University of London Union, Malet Street, WC1
Saturday, 21 October 10.25 – 16.30

Provisional Conference Programme

10.00 Registration & coffee

10.25 Welcome

Dr Stuart Parkinson, Executive Director, SGR

10.30 Keynote Speaker 1

MAKING PEACEBUILDING WORK
Prof John Sloboda, Executive Director, Oxford Research Group

11.30 Coffee break

11.45 Keynote Speaker 2

IMPLEMENTING SUSTAINABLE ENERGY AT A LOCAL LEVEL:
BUILDING SOLAR VILLAGES AND ELIMINATING FUEL POVERTY IN KIRKLEES, WEST YORKSHIRE

Dr Philip Webber, Head of Environment Unit, Kirklees Metropolitan Council

12.45 Lunch

13.45 SGR AGM

14.30 Tea break

14.45 Parallel workshops

These sessions are to allow more in-depth discussion of issues, and will feed into SGR’s ongoing activities.

16.15 Closing comments

Kate Macintosh MBE, Vice-Chair, SGR

16.30 Close

Abstracts and Speakers' Biographies

MAKING PEACEBUILDING WORK

Prof John Sloboda, Executive Director, Oxford Research Group

There is now a wealth of experience of how to prevent or contain violent conflict, gained and implemented at the local level. Characteristics of successful peacebuiling include the inclusion of all parties in dialogue, real listening to and addressing of grievances, and leadership and resources to provide alternative employment for those recruited for violence (often children and very young adults). But successes tend to be small scale and fragile, with lessons learned not transferred elsewhere, or undermined by factors not under local control. Sustained peace requires simultaneous and long-term attention to many large-scale factors such as economic development, fair trade, non-discriminatory aid and debt regimes, development of infrastructure, environmental protection, education, security guarantees, trusted police and justice systems, etc. Effective action on these issues is not often within the capacity of local actors alone. They require costly and sustained effort from those countries with the greatest economic and military muscle. Local peacebuilding must therefore be supported by policy work at government and transgovernmental levels. Examples of such work will be given. Two factors provide some signs of hope. First, current interventionary security policies of the USA and its allies are manifestly not working, and this is being acknowledged at the highest levels. Second, global communications and increased access to accurate information have facilitated large shifts in public awareness, understanding, and the will to demand better alternatives. Action for trade justice and environmental protection are, for example, essential contributions to global peacebuilding. It will therefore be necessary for the peace, environmental, global justice and development movements to work together much more closely than hitherto.

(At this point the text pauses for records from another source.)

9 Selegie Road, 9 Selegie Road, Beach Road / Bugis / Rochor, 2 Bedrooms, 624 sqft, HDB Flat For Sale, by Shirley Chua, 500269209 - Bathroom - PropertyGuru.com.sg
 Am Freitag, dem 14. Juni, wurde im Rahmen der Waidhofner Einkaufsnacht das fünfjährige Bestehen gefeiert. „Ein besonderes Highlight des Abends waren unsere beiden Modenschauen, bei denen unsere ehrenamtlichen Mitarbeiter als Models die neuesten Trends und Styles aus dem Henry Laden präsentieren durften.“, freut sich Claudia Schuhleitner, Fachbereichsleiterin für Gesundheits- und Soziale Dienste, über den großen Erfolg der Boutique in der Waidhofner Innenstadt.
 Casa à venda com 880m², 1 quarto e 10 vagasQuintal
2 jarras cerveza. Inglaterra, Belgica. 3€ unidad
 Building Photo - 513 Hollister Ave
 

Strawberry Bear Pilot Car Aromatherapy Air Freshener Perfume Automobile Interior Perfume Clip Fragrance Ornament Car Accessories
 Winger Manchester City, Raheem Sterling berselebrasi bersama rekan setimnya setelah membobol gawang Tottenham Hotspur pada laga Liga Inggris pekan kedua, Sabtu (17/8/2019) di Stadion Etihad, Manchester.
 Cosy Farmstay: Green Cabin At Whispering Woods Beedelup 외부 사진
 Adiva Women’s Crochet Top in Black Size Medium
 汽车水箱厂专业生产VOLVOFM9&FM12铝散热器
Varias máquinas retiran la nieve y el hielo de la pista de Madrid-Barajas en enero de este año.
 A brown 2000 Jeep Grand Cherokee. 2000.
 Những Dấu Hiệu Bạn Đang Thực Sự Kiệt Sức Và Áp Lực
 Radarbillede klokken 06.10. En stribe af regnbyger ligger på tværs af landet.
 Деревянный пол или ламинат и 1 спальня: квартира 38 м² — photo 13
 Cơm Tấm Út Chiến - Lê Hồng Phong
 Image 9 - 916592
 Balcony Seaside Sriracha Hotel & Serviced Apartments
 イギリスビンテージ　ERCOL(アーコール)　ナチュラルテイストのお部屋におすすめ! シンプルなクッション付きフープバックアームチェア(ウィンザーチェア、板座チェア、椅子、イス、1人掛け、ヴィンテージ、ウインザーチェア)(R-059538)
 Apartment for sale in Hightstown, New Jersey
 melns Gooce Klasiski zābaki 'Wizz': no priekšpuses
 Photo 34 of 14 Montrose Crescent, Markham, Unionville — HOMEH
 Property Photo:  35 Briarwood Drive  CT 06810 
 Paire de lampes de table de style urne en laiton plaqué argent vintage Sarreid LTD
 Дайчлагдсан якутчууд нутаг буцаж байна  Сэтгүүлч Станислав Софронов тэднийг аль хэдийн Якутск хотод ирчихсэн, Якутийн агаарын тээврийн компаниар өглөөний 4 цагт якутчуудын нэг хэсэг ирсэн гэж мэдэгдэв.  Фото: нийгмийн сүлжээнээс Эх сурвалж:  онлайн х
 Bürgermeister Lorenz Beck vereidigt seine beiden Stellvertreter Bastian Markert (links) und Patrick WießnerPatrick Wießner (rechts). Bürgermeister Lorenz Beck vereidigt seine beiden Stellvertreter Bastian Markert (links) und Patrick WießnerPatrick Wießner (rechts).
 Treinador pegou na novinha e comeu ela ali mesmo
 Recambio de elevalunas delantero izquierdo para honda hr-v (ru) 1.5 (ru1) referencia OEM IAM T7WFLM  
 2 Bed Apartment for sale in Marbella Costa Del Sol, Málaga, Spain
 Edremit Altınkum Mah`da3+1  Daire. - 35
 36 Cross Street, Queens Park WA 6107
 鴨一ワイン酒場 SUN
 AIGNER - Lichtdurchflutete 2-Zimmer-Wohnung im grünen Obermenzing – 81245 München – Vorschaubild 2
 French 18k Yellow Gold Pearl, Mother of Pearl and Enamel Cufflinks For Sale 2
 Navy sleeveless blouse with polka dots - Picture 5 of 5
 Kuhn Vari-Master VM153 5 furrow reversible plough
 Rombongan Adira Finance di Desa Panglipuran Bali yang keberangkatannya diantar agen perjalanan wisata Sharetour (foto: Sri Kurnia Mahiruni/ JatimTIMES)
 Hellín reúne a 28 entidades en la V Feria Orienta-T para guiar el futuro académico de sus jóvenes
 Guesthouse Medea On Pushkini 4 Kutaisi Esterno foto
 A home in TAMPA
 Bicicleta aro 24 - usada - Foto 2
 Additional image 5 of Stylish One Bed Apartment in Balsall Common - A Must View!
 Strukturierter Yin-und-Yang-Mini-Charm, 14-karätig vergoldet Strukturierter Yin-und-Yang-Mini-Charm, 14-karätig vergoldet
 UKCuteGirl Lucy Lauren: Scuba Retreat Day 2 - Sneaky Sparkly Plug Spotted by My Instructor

John Sloboda has been Executive Director of Oxford Research Group since January 2004. He is also Professor of Psychology at the University of Keele, and an honorary research fellow in Keele’s School of Politics, International Relations and the Environment. His research interests include the psychological factors motivating the UK anti-war movement. In 2003 he co-founded the website, www.iraqbodycount.org - which remains a primary source of information about civilian casualties in the ongoing Iraq conflict. He undertakes regular speaking engagements, and is an author for the opendemocracy.net website. He is co-author, with Chris Abbott and Paul Rogers of "Global Responses to Global Threats: Sustainable Security for the 21st Century" (Oxford Research Group, June 2006).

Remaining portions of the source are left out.